Embarrassée, elle soupira en essuyant fébrilement ses paumes moites sur ses cuisses et regarda vers ses pieds… Bien visibles au bout de ses sandales fines, ses orteils étaient juste les plus délicatement potelés et les plus mignons au monde. Seule Queenie faisait mieux. Il regarda ailleurs. Pensée trop dangereuse.

— Je sais que la contrepartie que tu me proposes, de rattraper toutes tes gardes, est très tentante mais… je ne sais pas trop si j'ai envie de faire ça, Jonas.

— Quoi ?! Je croyais qu'on était d'accord ? Tu vas pas flancher maintenant ?

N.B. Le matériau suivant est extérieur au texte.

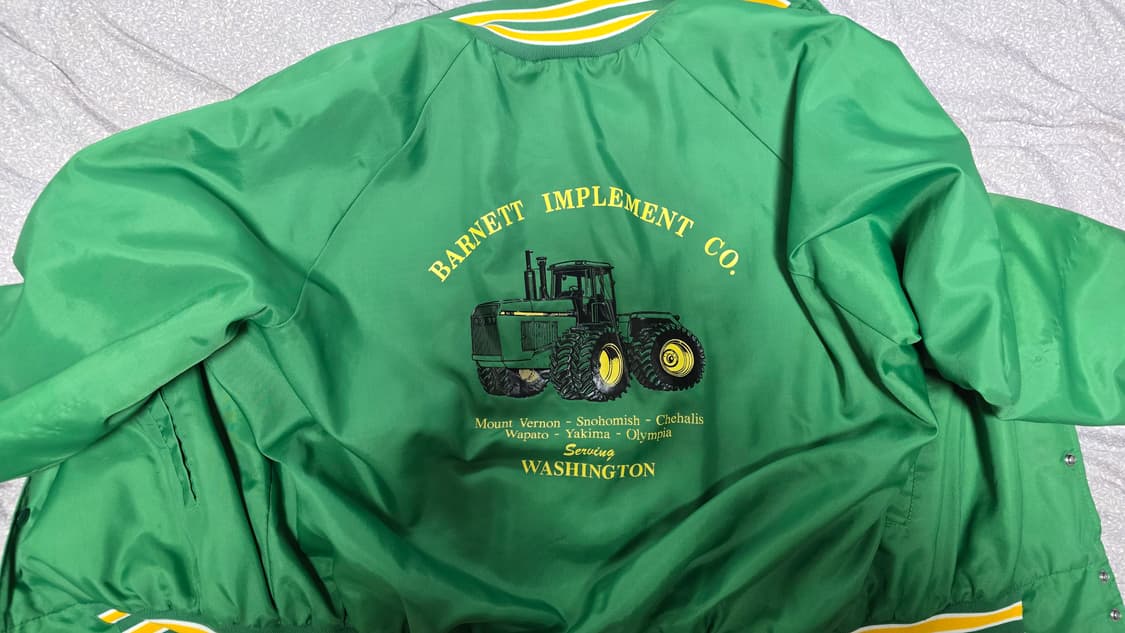 WestArk 존디어 자켓 상품이미지5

Elle se croisa défensivement les bras sous la poitrine et il fit de son mieux pour éviter de lorgner la façon dont ses seins ronds excessivement dévoilés, semblaient offerts et prêts à jaillir hors de l'écrin de velours de son bustier corbeille... Elle lui envoya un petit coup dans le tibia pour attirer son attention, la prunelle mécontente et la moue contrariée. Finalement très proche de ce qu'il avait toujours connu.

— Rien à voir avec flancher ou pas flancher ! objecta-t-elle, en tapant du pied avec un peu d'impatience.

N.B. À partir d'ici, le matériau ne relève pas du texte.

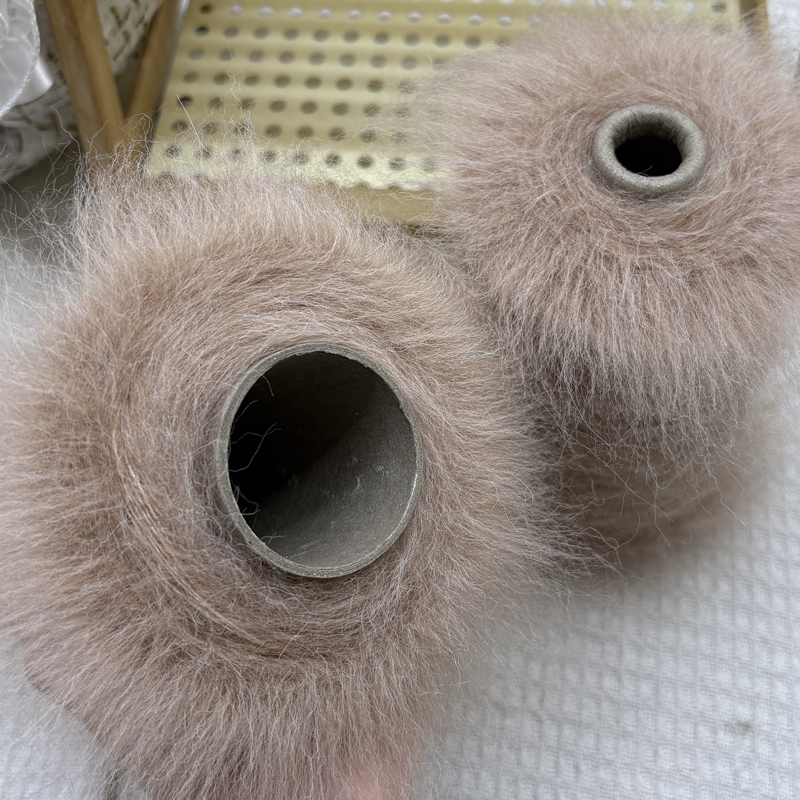 Special Offer: Suri Alpaca Mohair Knitwear - Sweater, Cardigan, Shawl, Scarf - Non-Irritating to the Skin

— Alors quoi ? soupira John, soudain pressé d'en finir.

— Et bien, c'est pas exactement comme si j'étais bonne actrice… admit-elle.

— Mhh, fit-il en la fusillant du regard avec une feinte déception. Alors t'es toujours une petite traqueuse, au fond ?…

— Mais pas du tout ! C'est juste que j'aime pas jouer avec les sentiments des gens, moi ! Je fais ce que j'ai à faire, c'est tout. Mais là je ne comprends pas bien ce que tu veux. C'est pas pour une mission, pas vrai ? Je sais quand tu mens…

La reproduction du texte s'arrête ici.